I have heard of using canned air to blow the solder out and crystallize it, but I don't think I would try this. I use a heat gun and pair of IC tweezers. Whatever you do, add some solder paste so it reflows first. Ideally you should use a tip for the PLCC that concentrates the heat on the legs of the chip and doesn't overheat the chip itself. Take a look at the temp ratings of the chip if you use the heatgun approach. Most chips are only rated to take that kind of heat a little longer than it takes to reflow the solder.
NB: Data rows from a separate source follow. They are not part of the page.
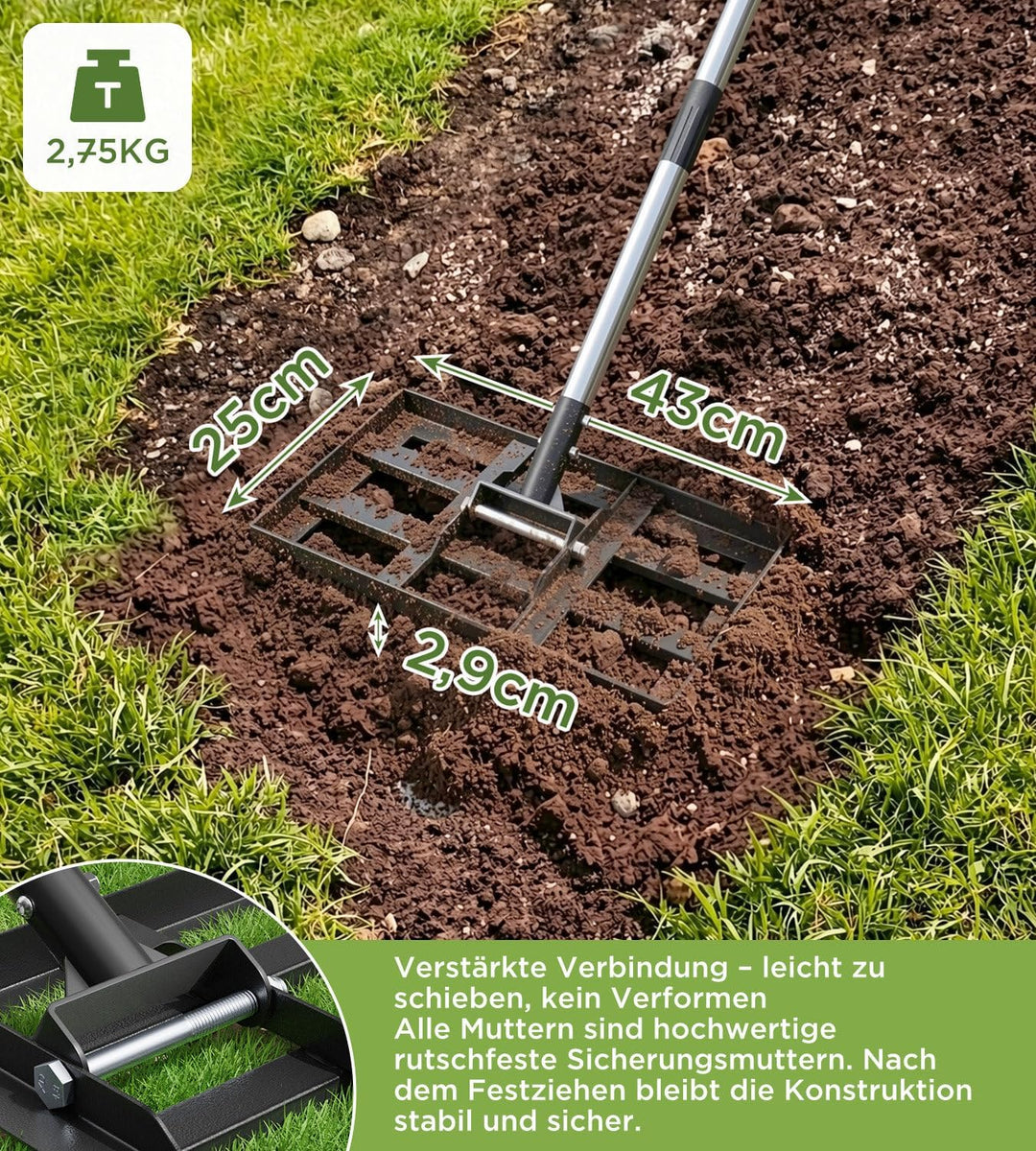 Rasenrakel 43x25cm mit Verstellbarem 180cm Langem Edelstahlstiel, Robuster & Kraftsparender Garten R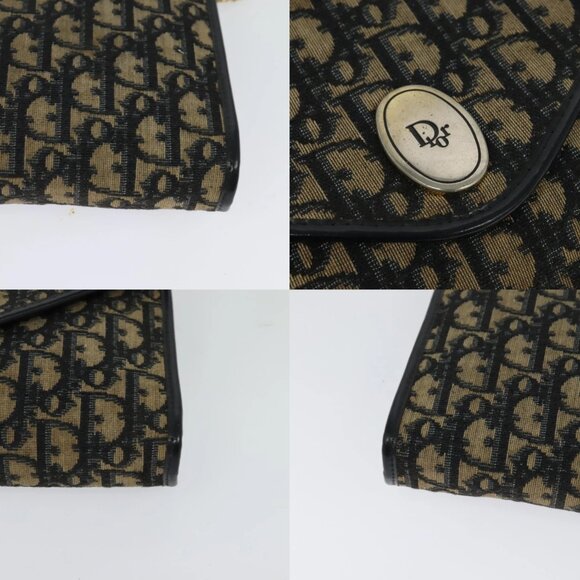 Christian Dior Trotter Canvas Chain Shoulder Bag Navy Gold Auth - Picture 14 of 15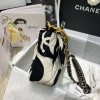 Chanel 19 CC Printed Fabric Large Flap Bag AS1161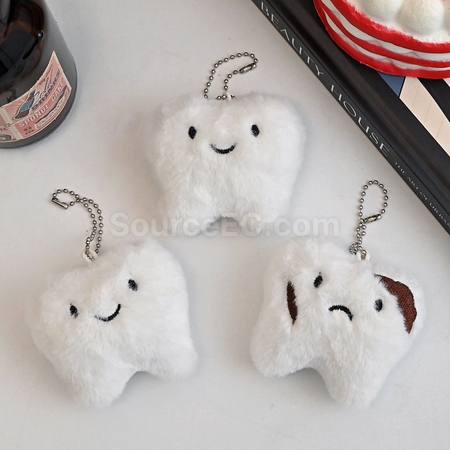 Customization Plush Tooth Pendant Keychain Promotional Products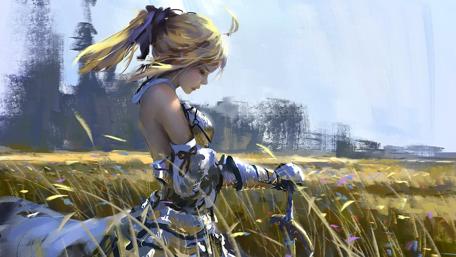Warrior's Solitude in a Wistful Field wallpaper
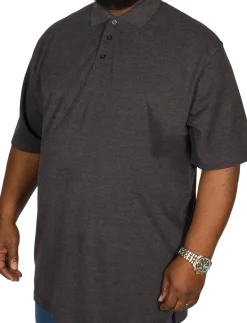 Bigdude Plain Polo Shirt Charcoal Tall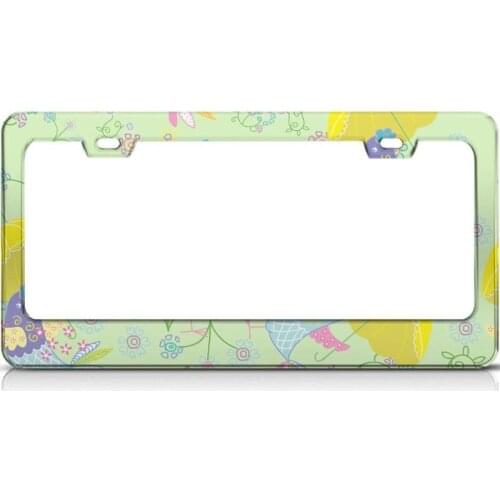 Peceeta Fish With Umbrella License Plate Frame 2 Holes 1 Frame Matte Aluminum Rust-Proof Rattle-Proof Frame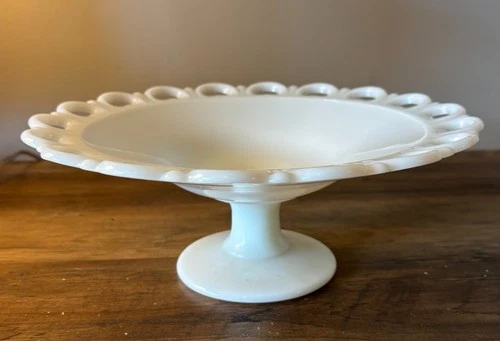 Vintage Milk Glass Pedestal Cake Stand Heart Edge 11” Compote Dessert Plate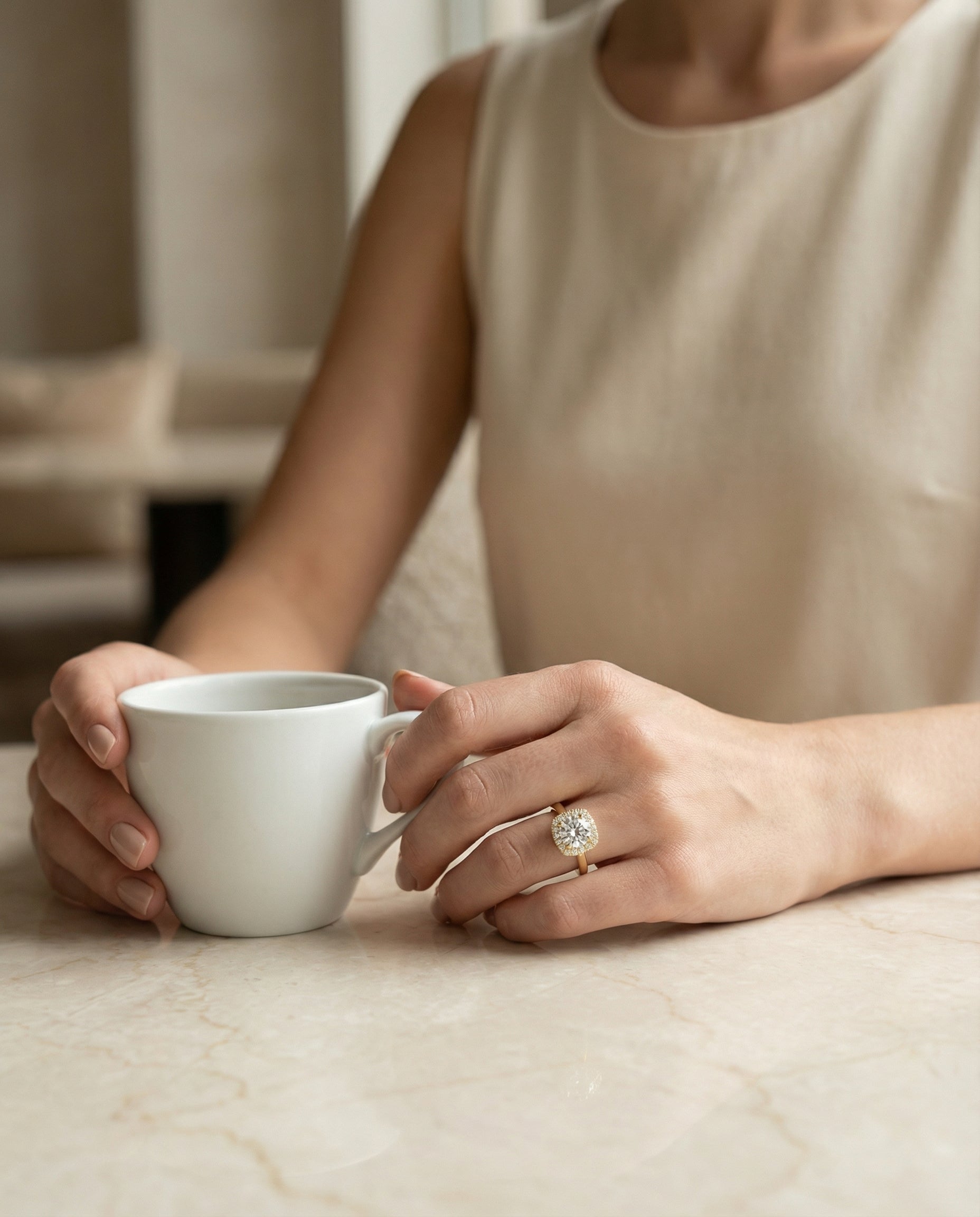 Made to order: The Amy cushion engagement ring setting in 18K Yellow Gold | RockHer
-----Original Message----- From: linuxbios-bounces@openbios.org [mailto:linuxbios-bounces@openbios.org] On Behalf Of Steve Gehlbach Sent: Thursday, September 15, 2005 11:41 AM To: Guido Fiala Cc: linuxbios@openbios.org Subject: Re: [LinuxBIOS] PLCC removal trick
Guido Fiala wrote:
On Wednesday 14 September 2005 21:56, Dave Ashley wrote:
I don't know about anyone else but the dental floss idea didn't work at all for me, the floss interferes with the pins.
I had this idea on how to remove the chip easily, but I haven't tried it. Just get some strong epoxy and glue onto the top surface of the flashrom something to act as a handle. After it's dry, use that to pull the chip out.
Instead of epoxy you might use hot-glue (or whats it called), or, even better, "Power Strip" - a removable 2-side-glue flexible tape...
It's a good idea, but keep in mind that some programmers (such as my Needhams) have a cover that closes over the chip to program it, so a removal knob might interfere with closing the cover. Maybe the programmer will make contact anyway with the cover open, haven't tried it so I don't know.